Guangxi Key Laboratory of Images and Graphics Intelligent Processing, Guilin University of Electronic Technology, Guilin 541004, China.
Nanning Research Institute, Guilin University of Electronic Technology, Guilin 541004, China.
Sensors (Basel). 2023 Feb 4;23(4):1771. doi: 10.3390/s23041771.

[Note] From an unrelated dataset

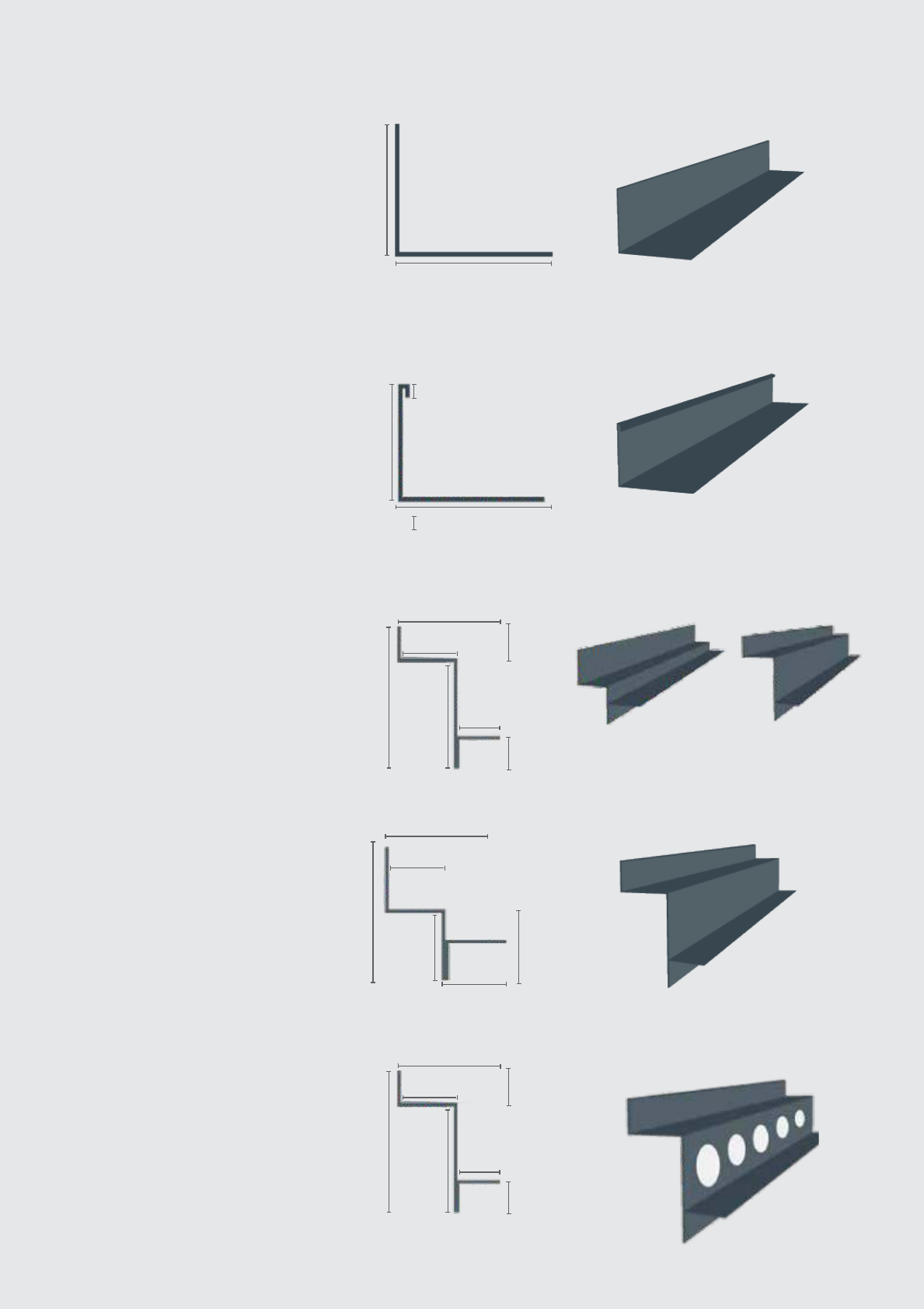 Ananda Metais Catalogo Perfis Drywall Steelframe, PDF, Drywall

The performance of Chinese-named entity recognition (NER) has improved via word enhancement or new frameworks that incorporate various types of external data. However, for Chinese NER, syntactic composition (in sentence level) and inner regularity (in character-level) have rarely been studied. Chinese characters are highly sensitive to sentential syntactic data. The same Chinese character sequence can be decomposed into different combinations of words according to how they are used and placed in the context. In addition, the same type of entities usually have the same naming rules due to the specificity of the Chinese language structure. This paper presents a Kcr-FLAT to improve the performance of Chinese NER with enhanced semantic information. Specifically, we first extract different types of syntactic data, functionalize the syntactic information by a key-value memory network (KVMN), and fuse them by attention mechanism. Then the syntactic information and lexical information are integrated by a cross-transformer. Finally, we use an inner regularity perception module to capture the internal regularity of each entity for better entity type prediction. The experimental results show that with F1 scores as the evaluation index, the proposed model obtains 96.51%, 96.81%, and 70.12% accuracy rates on MSRA, resume, and Weibo datasets, respectively.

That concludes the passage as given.